(Short descriptive text snippets)
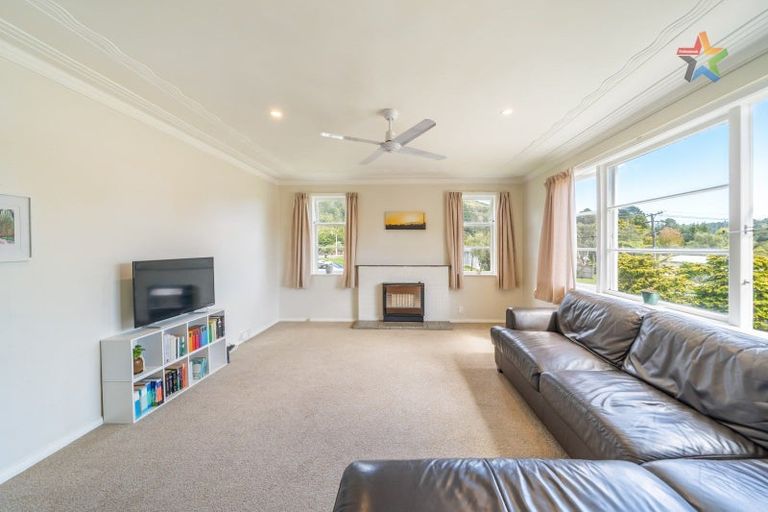 Photo of property in 77 Horoeka Street, Stokes Valley, Lower Hutt, 5019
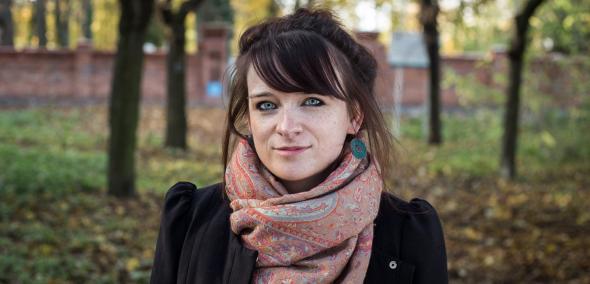 Nominowani do Nagrody POLIN 2019: Natalia Bartczak. Na zdjęciu Natalia Bartczak wśród drzew w okolicy cmentarza w Wińsku
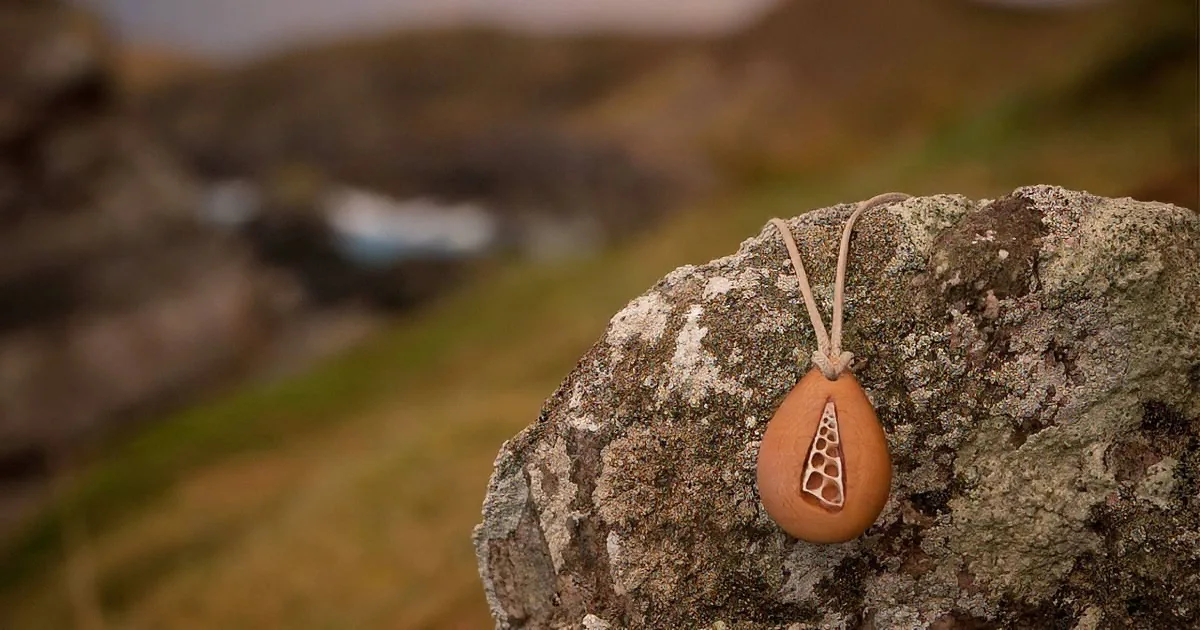 Man Makes His Girlfriend a Necklace With an Unexpected Surprise Inside
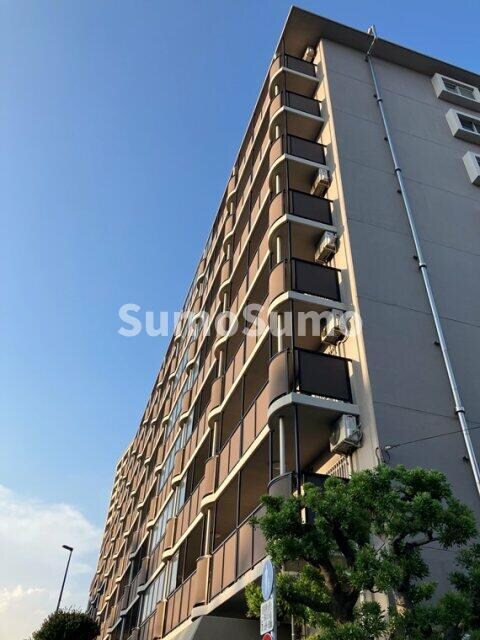 物件外観写真1　(外観は落ち着いています)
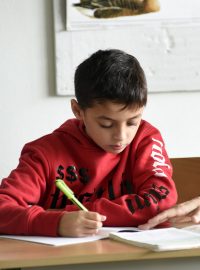 Romské děti jsou podle ministerstva školství mezi žáky základních škol zastoupené zhruba ve třech procentech (foto z roku 2015)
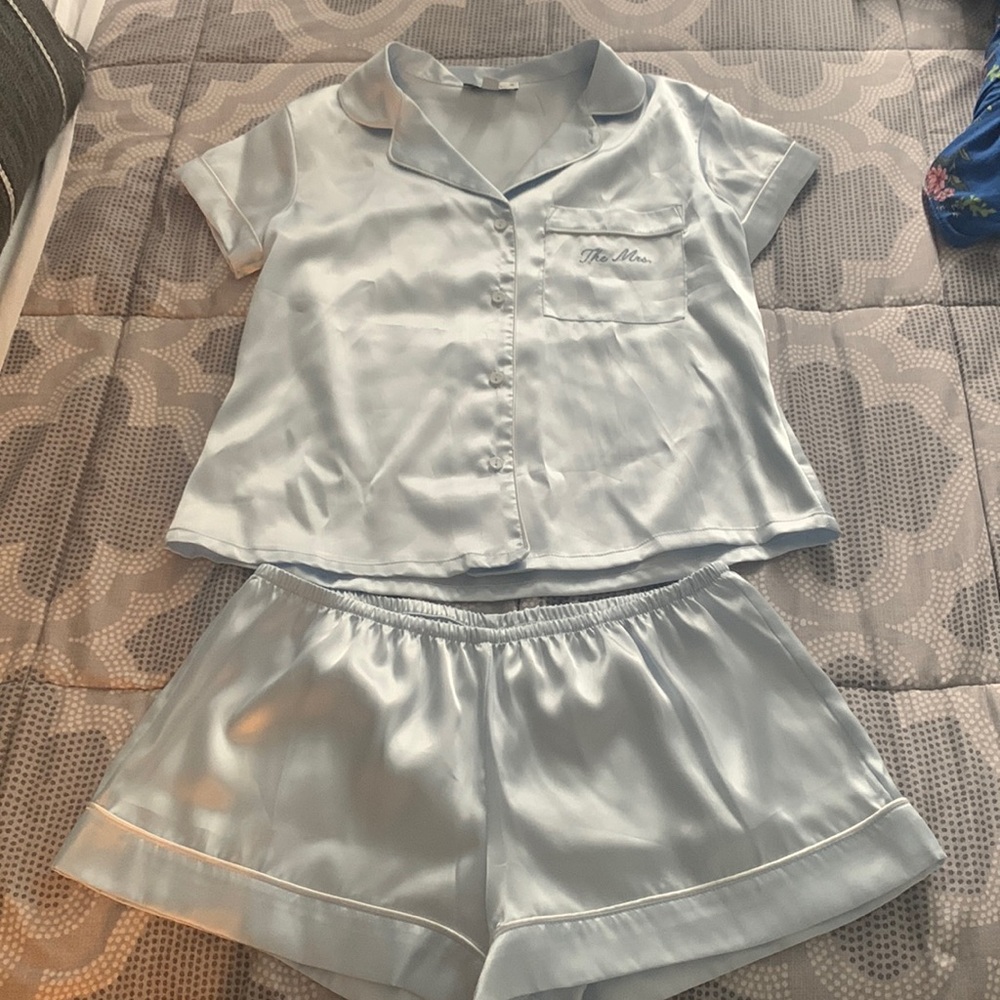 Baby blue silk feeling set for your wedding day! Worn for two hours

WHAT TO PRODUCE:
The line containing "物件外観写真1　(外観は落ち着いています)" marks where the copy ends; print every line before it from the start of the records, and that line too, but no pictures.

ANSWER FOR THE TASK:
 Photo of property in 77 Horoeka Street, Stokes Valley, Lower Hutt, 5019
 Nominowani do Nagrody POLIN 2019: Natalia Bartczak. Na zdjęciu Natalia Bartczak wśród drzew w okolicy cmentarza w Wińsku
 Man Makes His Girlfriend a Necklace With an Unexpected Surprise Inside
 物件外観写真1　(外観は落ち着いています)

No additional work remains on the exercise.